Su queste due raccomandazioni suggerite da un femminile generazionale che ha segnato la mia vita, ho iniziato a impastare farina e acqua. Ho dosato bene, attentamente, mentre ripetevo in me le parole apprese –deve essere dura– mentre un impasto ribelle, spesso difficile da compattare sfuggiva alle mie mani – dura si, un po’ come la vita– ho aggiunto io, mentre movimenti sapienti accarezzavano due elementi che prendono forma.

Farina e acqua, insieme. Il semplice che diventa lavorato, uno stato in polvere e uno liquido che danno vita a un composto compatto e sodo. Una trasformazione sotto le nostre mani che ci ricorda la metafora del nostro Essere. In fondo anche noi spesso ci trasformiamo, cambiamo pelle, ci rigeneriamo e ci ri-diamo vita. E mentre i movimenti ormai naturali scorrono sulla spianatoia, ricordo quando fare la pasta per me era un momento davvero speciale. Le immagini si susseguono in un ritmo ri-conosciuto e la mente rievoca anche i profumi di quei momenti. Mi rivedo bambina, con un grembiule rosso (perché il rosso ha segnato sempre i momenti importanti della mia vita), accanto ad una nonna sapiente quanto misteriosa, perché custode di un femminile segnato. Le sue mani rugose si muovono sapientemente miscelando antiche pozioni mentre l’indefinito prende forma lentamente. E la danza di una donna che impasta si svela, in un ritmo silenzioso ricco di significati. Io da piccola mi lasciavo travolgere da questa danza, rimanevo estasiata dal potere di un femminile che dava vita, che creava e condivideva, in uno spazio temporale dove il pranzo domenicale era un momento davvero speciale. Ricordi che scorrono, mentre le mie mani continuano a impastare un composto ribelle. Tra le dita scorre farina, mentre l’acqua aggiunta gradualmente dona un lieve sollievo a movimenti che diventano sempre più ritmici ed efficaci. Ed è così che in quei momenti il femminile delle mie antenate rivive, si nutre e nutre in questo gesto tanto antico ma sempre attuale. E mentre la mia pancia si allinea a tutte le pance di donna che mi hanno generato, godo del fare e del sentire in un istante che dura un’eternità.

E impasto, continuo e accarezzo, trasformo, prendo a pugni, rallento, accellero, mi fermo fino a quando le mani fanno davvero male. Allora Sto, e rivivo altri ricordi, di me bambina curiosa e assetata di segreti, che tempestava di domande, la sua nonna misteriosa.
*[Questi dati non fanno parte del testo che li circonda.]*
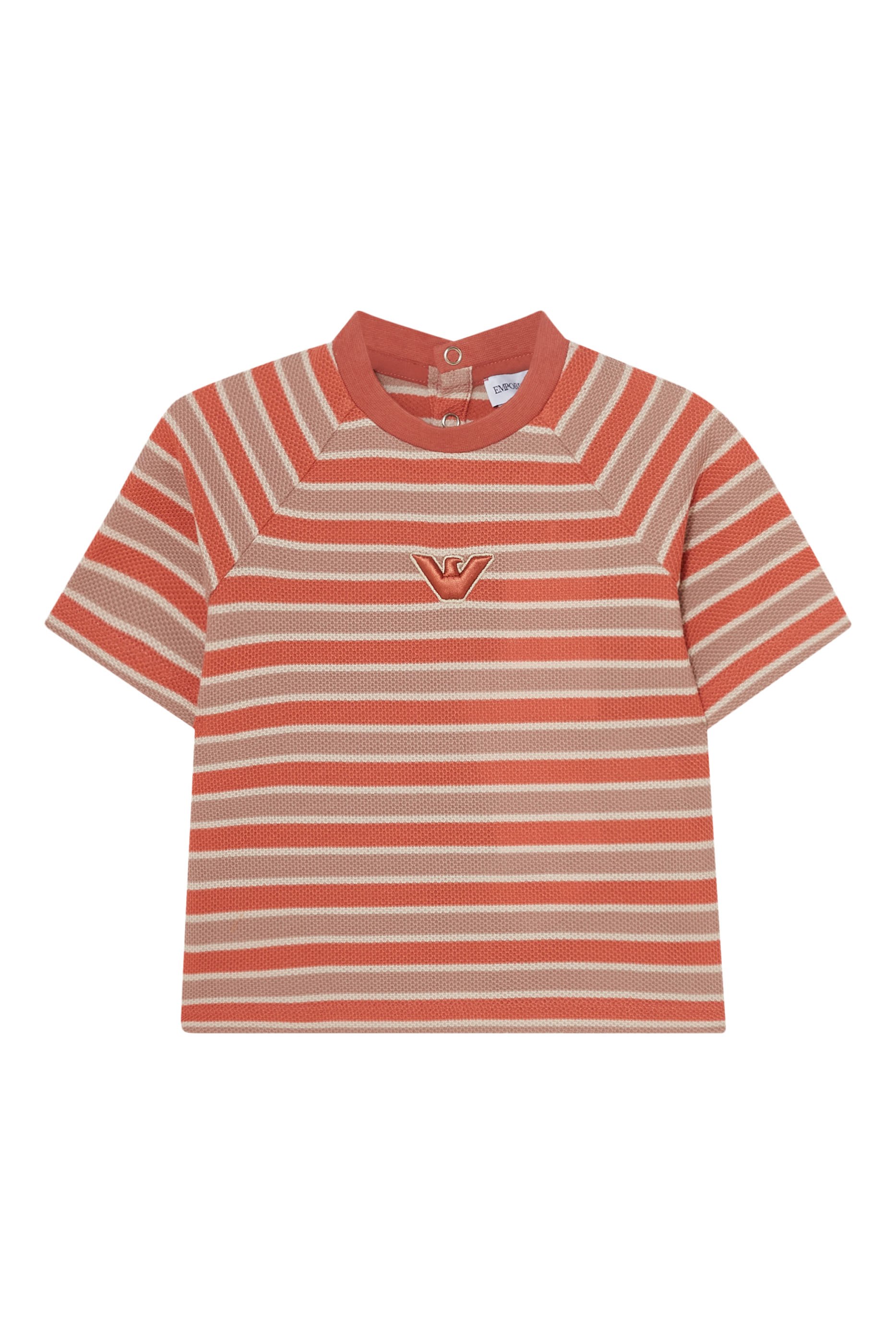 Kids Striped Eagle Logo T-Shirt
Ho sempre immaginato mia nonna come custode di grandi segreti, segreti di un femminile svelato negli anni, quando i miei sguardi consapevoli hanno preso il posto delle mie trecce. Quando ho scoperto che la durezza dell’impasto è un po’ come la vita. Quando ho ripercorso le tracce segnate delle mie antenate. Quando ho iniziato a scrivere e amare senza remore, un femminile misterioso e magico. Quando ho deciso finalmente di Stare.